The government of the United States is of the latter description. The powers of the legislature are defined and limited; and that those limits may not be mistaken, or forgotten, the constitution is written. To what purpose are powers limited, and to what purpose is that limitation committed to writing, if these limits may, at any time, be passed by those intended to be restrained? The distinction between a government with limited and unlimited powers is abolished, if those limits do not confine the persons on whom they are imposed, and if acts prohibited and acts allowed, are of equal obligation. It is a proposition too plain to be contested, that the constitution controls any legislative act repugnant to it; or, that the legislature may alter the constitution by an ordinary act.
Between these alternatives there is no middle ground. The constitution is either a superior, paramount law, unchangeable by ordinary means, or it is on a level with ordinary legislative acts, and, like other acts, is alterable when the legislature shall please to alter it.
If the former part of the alternative be true, then a legislative act contrary to the constitution is not law: if the latter part be true, then written constitutions are absurd attempts, on the part of the people, to limit a power in its own nature illimitable. (Marbury V. Madison, 1803)
Judges at all levels are required to reject anything, even case law, that runs afoul of the Constitution. They took an oath impartially discharge and perform all their duties according to the Constitution, not to dutifully uphold unconstitutional rulings.

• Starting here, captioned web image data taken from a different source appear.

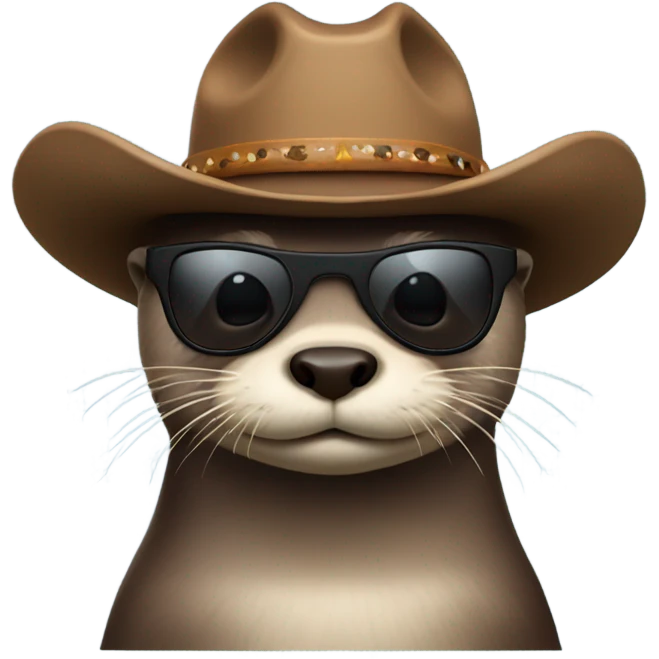 Otter with a cowboy hat and shades emoji
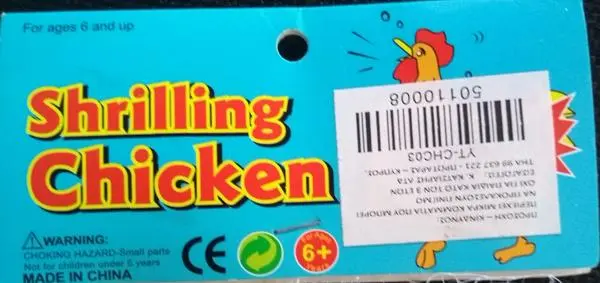 Photo de l’avis officiel: Shrilling Chicken Jouet pressable — risque: Risque chimique
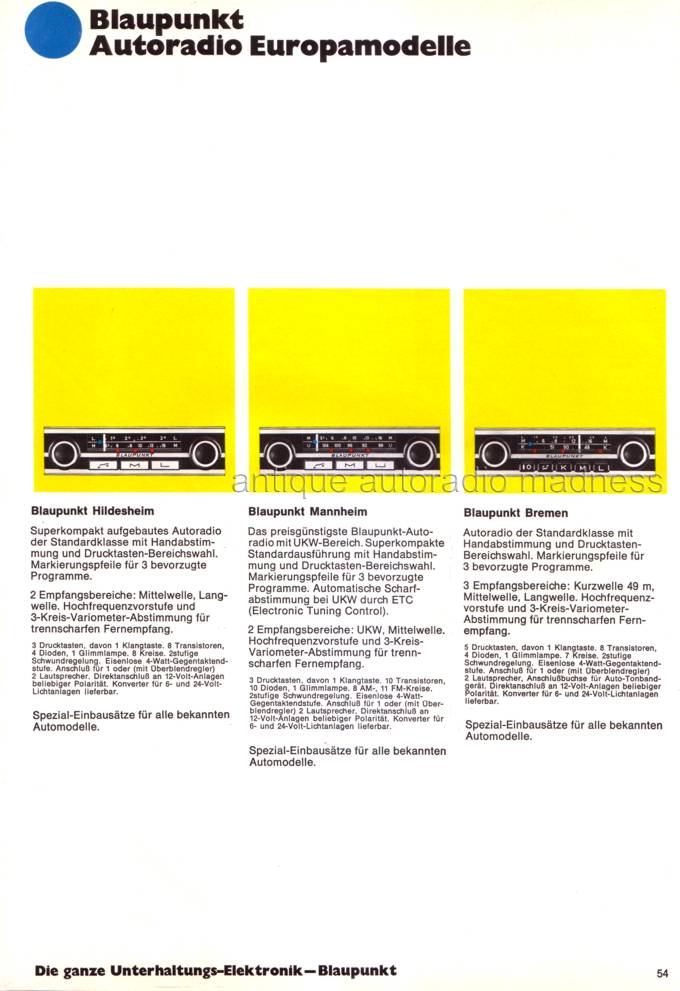Vintage BLAUPUNKT car radio catalog year 1978  (Germany extract) - 54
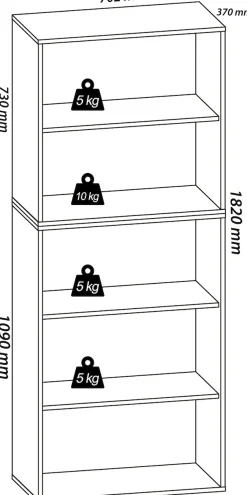 VCM Bücherregal »Holz Büro Regal Bücher Ordner Aktenregal Lona 5f« 1 Stk. tlg.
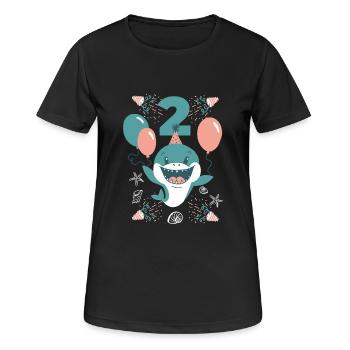 2nd birthday with balloons and sweet shark birthday - Women's Breathable T-Shirt - black - Front - AI Model Female 172 light (172cm)
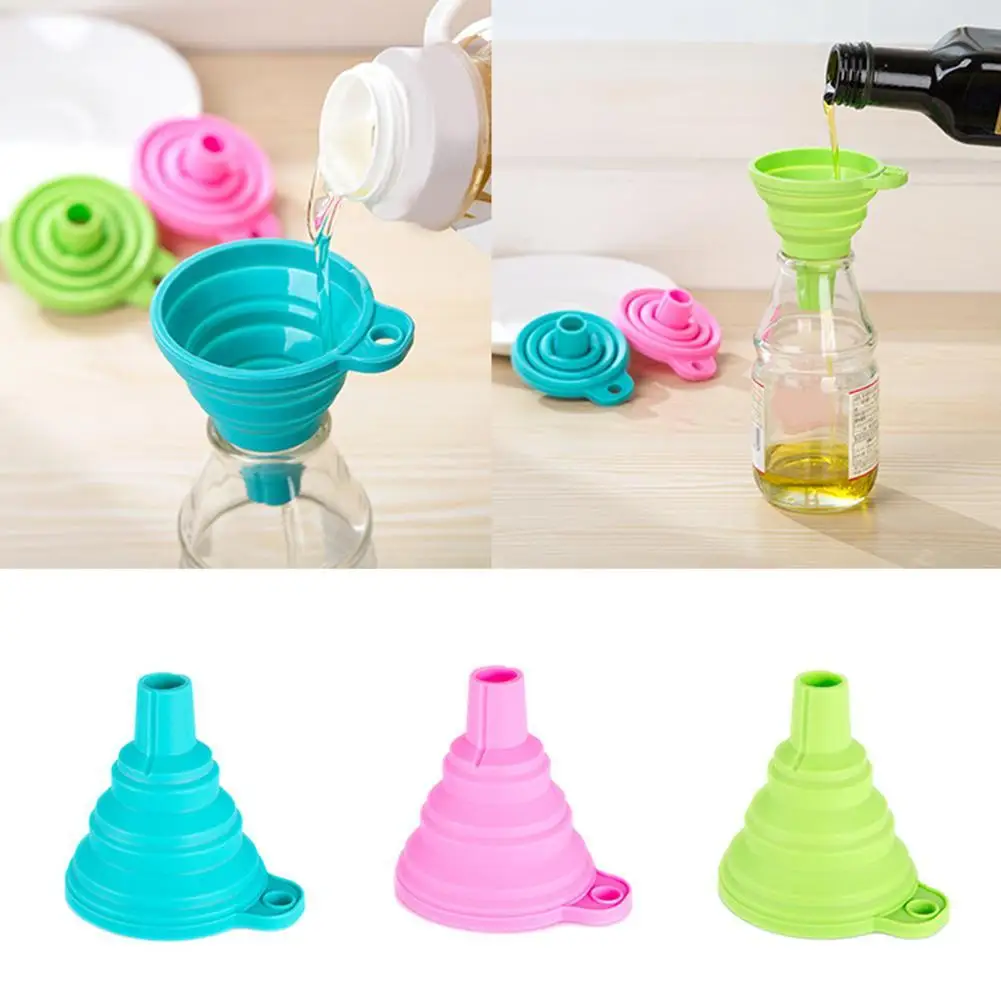 

Kitchen Tools Folding Collapsible Silicone Funnel Practical Heat Of Oil Liquid 1pcs Mini Foldable Portable Household Dispensing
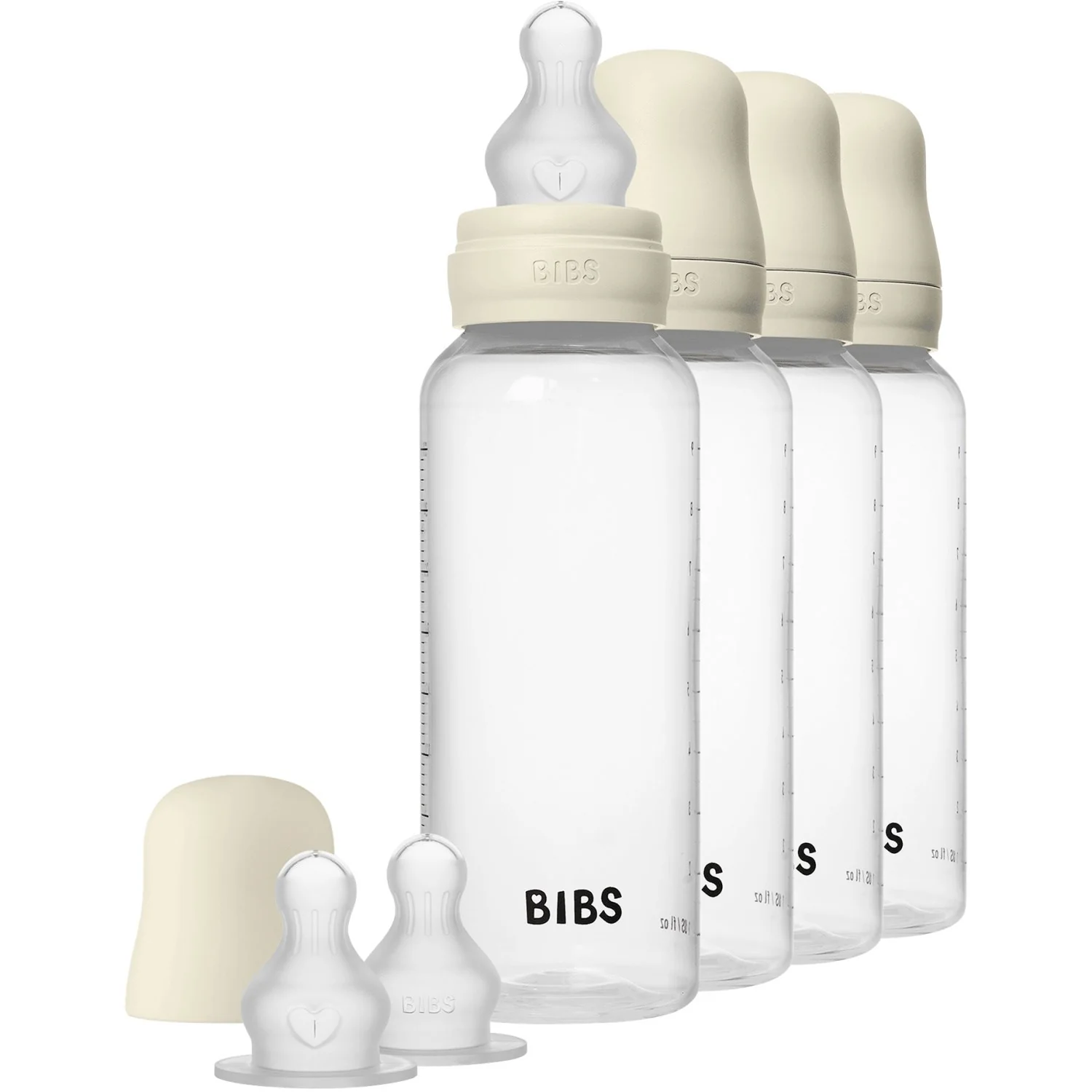 Bibs Ivory Baby Flaske Round Silikone 4-Pak - Image 2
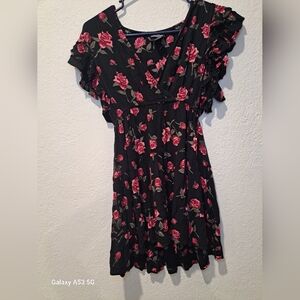 Angie Black Dress with Vibrant Pink Roses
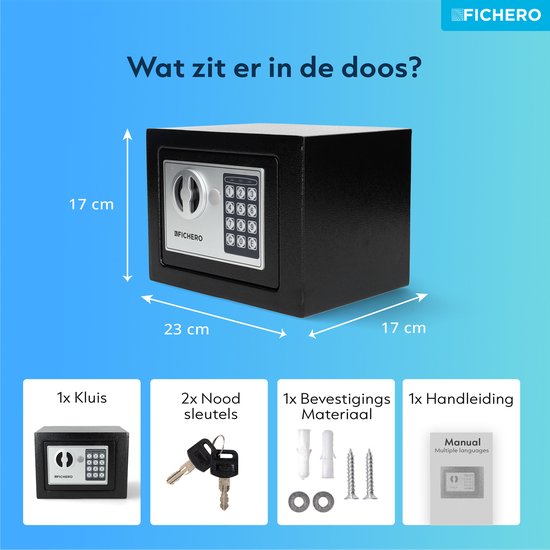 Elektronische Kluis Staal - Kluisje met Cijferslot - Geldkluis - 23 x 17 x 17 cm - 4,5 L - Vaderdag Cadeau voor Papa - Cadeaus voor Hem - Zwart - Fichero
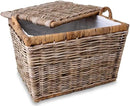 The Basket Lady Lift-Off Lid Wicker Storage Basket, Large, 24.5 in L x 18 in W x 17.5 in H, Serene Grey… by GreenHaven Gardens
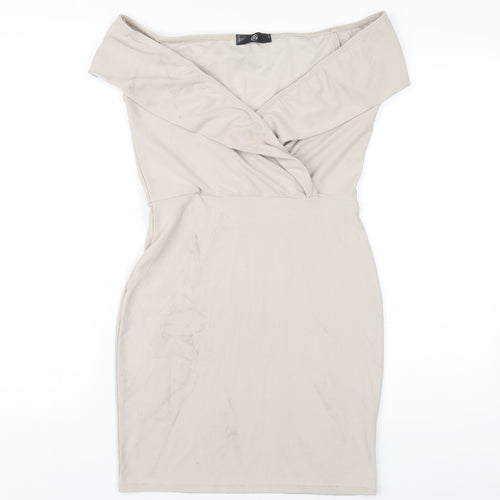 Missguided Womens Beige Polyester Bodycon Size 10 Off the Shoulder Pullover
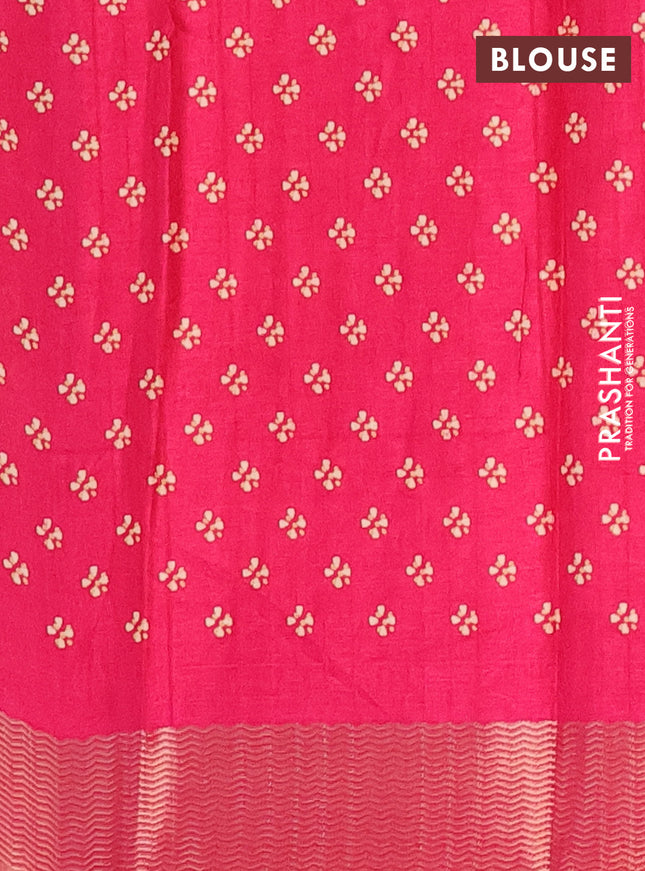 Semi dola saree pink with butta prints and zari woven border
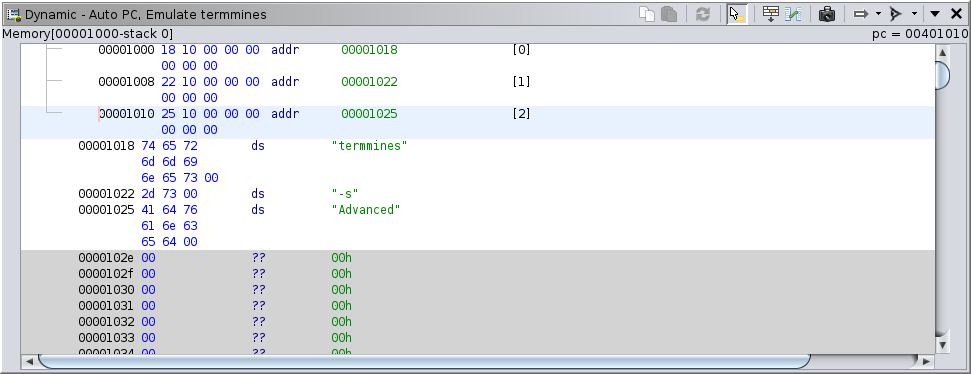 Listing after setting command-line arguments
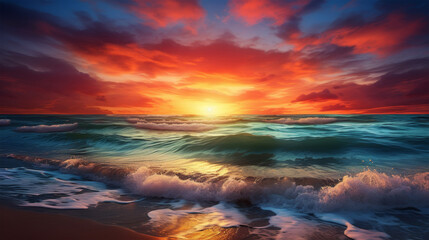 seascape at sunset on nature background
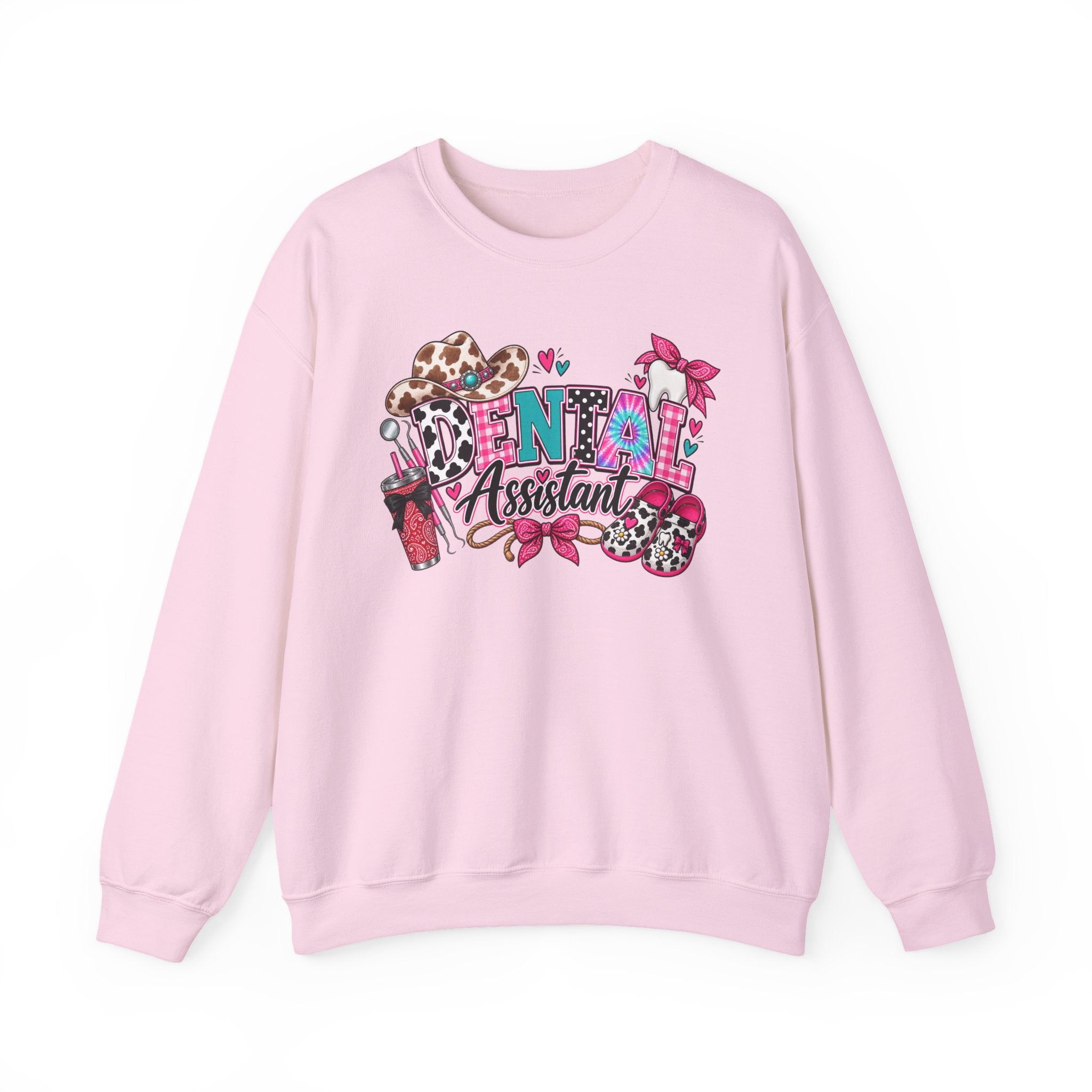 Southern Belle DA Sweatshirt — Cute Leopard & Floral Dental Design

The controlling principle in any given case is not precedent, not stare decisis, but the Constitution as written. Alito was wrong to say: "Our responsibility as a lower court is to follow and apply controlling Supreme Court precedent."
ping for later
Gelato,
I agree with much of your analysis, but the fact is that no federal appeals judge -- Alito, Luttig, McConnell, JRB, heck, even Scalia when he was on the D.C. Circuit -- is going to uphold a law when the Supreme Court just struck down an identical law in a major opinion two weeks before. Lower court judges are going to follow controlling, on-point Supreme Court precedent, even if they disagree with it as a matter of constitutional interpretation, if for no other reason than that doing otherwise means certain and immediate reversal. The Supreme Court, on the other hand, has the power to revisit (and reverse) its own precedents without that threat.
By the way, Judge Luttig was in a situation similar to Alitos after the Supreme Court's PBA decision in Carhart was handed down. A lower court had held the Virginia PBA ban unconstitutional, and Luttig issued an order staying the ruling (and permitting the ban to stand) until the Supreme Court ruled on Carhart. After the Carhart ruling, Luttig joined in lifting his stay, thus reinstating the lower courts decision. Luttigs opinion, which again is very narrow, simply said that Carhart controlled, and required striking down the ban. The case is Richmond Medical Center v. Gilmore, http://caselaw.lp.findlaw.com/scripts/printer_friendly.pl?page=4th/981930r3pv3.html .
So both Alito and Luttig ruled that after Carhart, the PBA bans couldnt be sustained as written (and each, interestingly, wrote separately to emphasize the narrowness of the grounds on which they were ruling). This is just an unremarkable case of appeals courts following controlling Supreme Court precedent. Both Alito and Luttig, as lower court judges, have to accept Roe as controlling precedent. That says nothing about how they would rule on Roe if they were appointed to the Supreme Court.
THank you for that excellent exposition. I stand enlightened. I believe that unconstitutional rulings from the courts must be disobeyed. Perhaps Civil Disobedience could be a way to start to make inroads against the Court's authority. It is never far from my mind that the court has no mechanism of enforcing its rule.